Me recuerdo claramente jugando con la colección de la serie de He-Man en la sala, me la había mandado completa el hermano de mi mamá, con todo y el castillo parlante, cuando escuché un numeroso grupo de hombres golpeando la reja de mi casa, mi papá abrió los ojos de sorpresa más grandes que los míos, mi abuela no estaba en ese momento. Los golpes siguieron a la puerta de madera que teníamos en esa casa, pintada de blanco, plana y con manija dorada que nunca pude abrir. Rompieron la puerta y eran, no se cuantos, miles, según yo, policías judiciales armados con armas de alto poder -así se le llama a cualquier arma larga con calibre mayor al .22, no me llamen exagerado-, exigiéndole a mi papá mi custodia. Mi papá tomó una reacción la cual jamás olvidaré: teníamos un rifle carabina (carabina se le llama a los rifles con cañon menor a 20 pulgadas) de mi bisabuelo colgado justo arriba del sofá en el que estaba sentado viéndome jugar, no sé porqué lo hizo, dudo que haya estado cargado pero su reacción convocó a que todas las armas de los judiciales apuntaran a él, con un raudo grito de uno de ellos: no haga pendejadas, señor, tómelo con calma. Pronto mi padre dejó atrás el acto que pudo terminar en algo peor. Tranquilo se sentó y recuerdo que salí escoltado por varios policías hacia el auto donde estaba mi mamá y abuela, las dos lloraban, lo hicieron casi todo el camino y yo lo único que recuerdo fue estar emocionado por ver tantos rifles y escenas tipo Rambo, película de moda en esos tiempos.

De ahí, nunca supe nada de mi papá, solo sé que mandaba giros postales por cobro de algunos pesos a cambio de verme y pasar alguna navidad con él. Mi mamá siempre se negó a cobrarlos hasta un día que estaba muy estresada por su tesis y lo tomó para irnos de vacaciones, igual nunca vi a mi papá.

Recurrentemente veíamos a mi abuela paterna por ser amiga de la familia, mi abuelo paterno era compañero de cacería del hermano de mi abuela materna.

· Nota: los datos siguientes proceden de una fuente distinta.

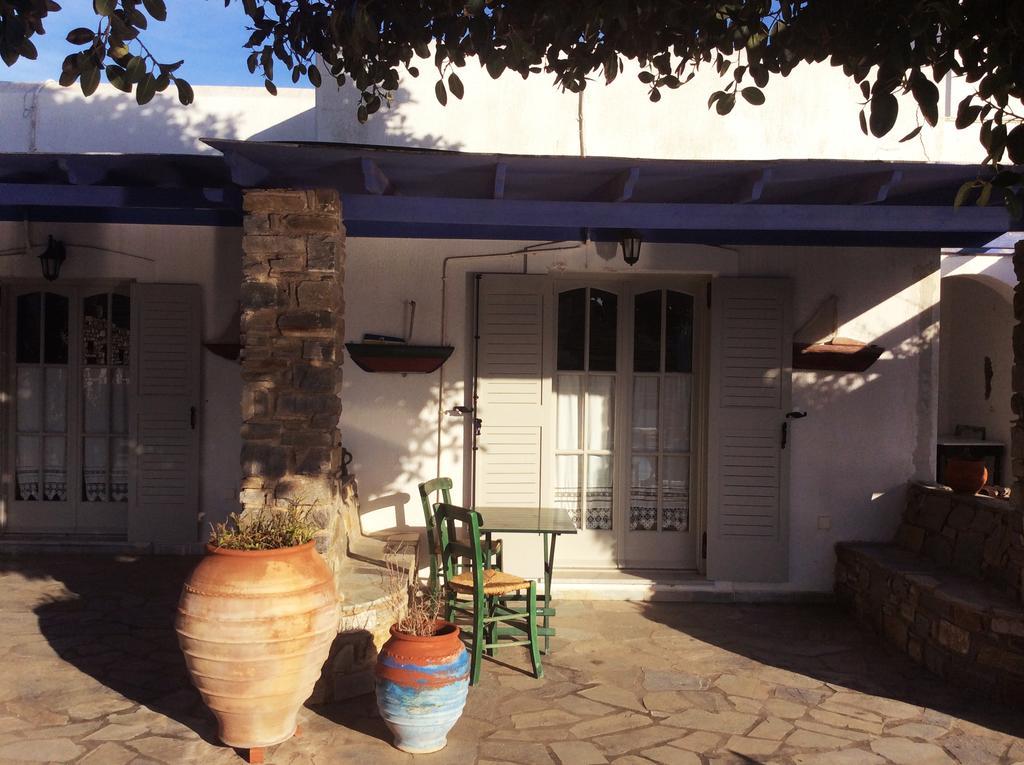 Arokaria Hideaway Suites Krotiri Zimmer foto
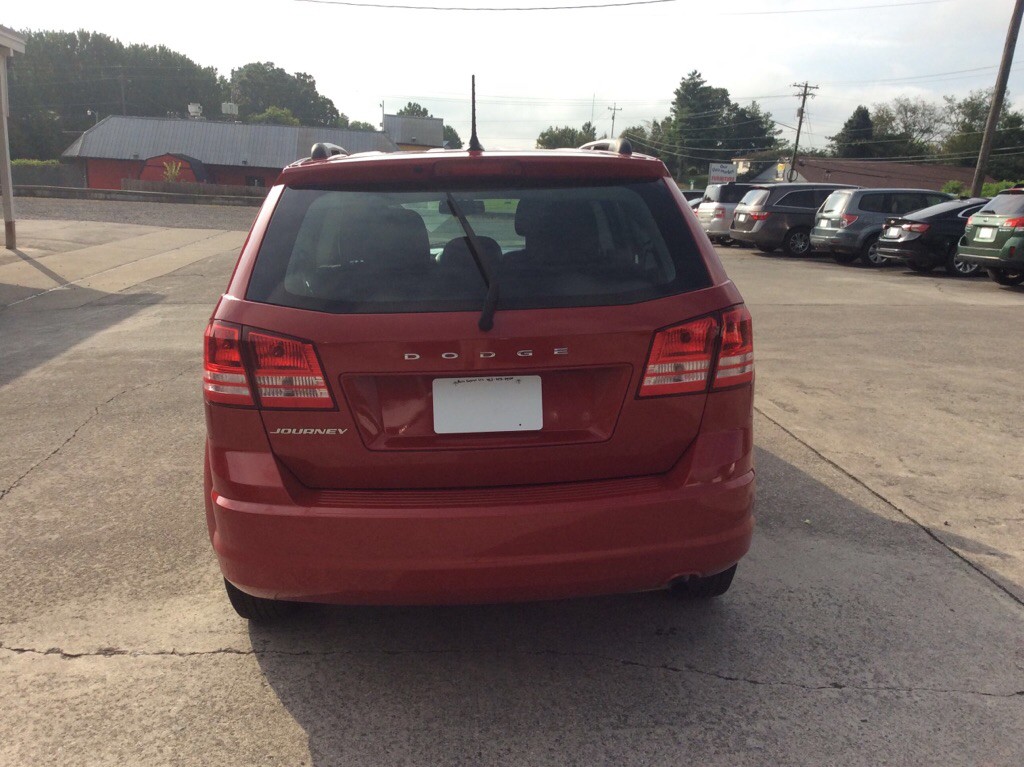 2015 Dodge Journey Image 4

Siempre me veía y me abrazaba como si supiera que nunca más me volvería a ver, le tenía cariño pero no una costumbre, en mi casa solo escuchaba malos comentarios de esa familia, todo ello me llevó a pensar en que eran ciertos, sin tomar en cuenta que solo era el cincuenta por ciento de la versión completa.

Cuando cumplí 18 decidí buscar a la familia paterna, de manera libre al sentirme capaz de decirme independiente de decisiones en casa, me llevé enormes sorpresas.

Mi mamá siempre le tuvo una estima a mi abuelo paterno por tener un interés neutral en mi, nunca inclinó alguna decisión basada en ninguna de las dos partes, así que decidí llamarle a mi abuela paterna a escondidas y pedirle el teléfono de mi abuelo, estaban divorciados.

Le llamé, con voz temblorosa, dudosa y con sorpresa de conocer a la persona que siempre me había querido incondicionalmente. Nos citamos en un VIPS, cerca de mi casa y puntuales, los dos, nos vimos a la hora acordada. Yo, a mis 18, en la cumbre de mi adolescencia de patán, gañan, actitud de "me la pelan todos" lo vi en la recepción del restaurante y desvanecí en llanto, lo abracé, lo tomé de la cabeza cuando se agachó por mi, con 70 años aun medía un metro y noventa centímetros. Después del largo abrazo, que claramente conmovió a mucha gente de ahí, tomamos mesa para platicar. Me contó de sus viajes, sus aficiones, sus cacerías, cuanto me extrañaba, que siempre, cada que lo veía le pedía que fuéramos por nieve de milón, tal y como yo podía pronunciar limón. Acabado el café y el pastel, me pidió que fuéramos a su casa, que tenía unos regalos para mi que había buscado inmediatamente que le llamé.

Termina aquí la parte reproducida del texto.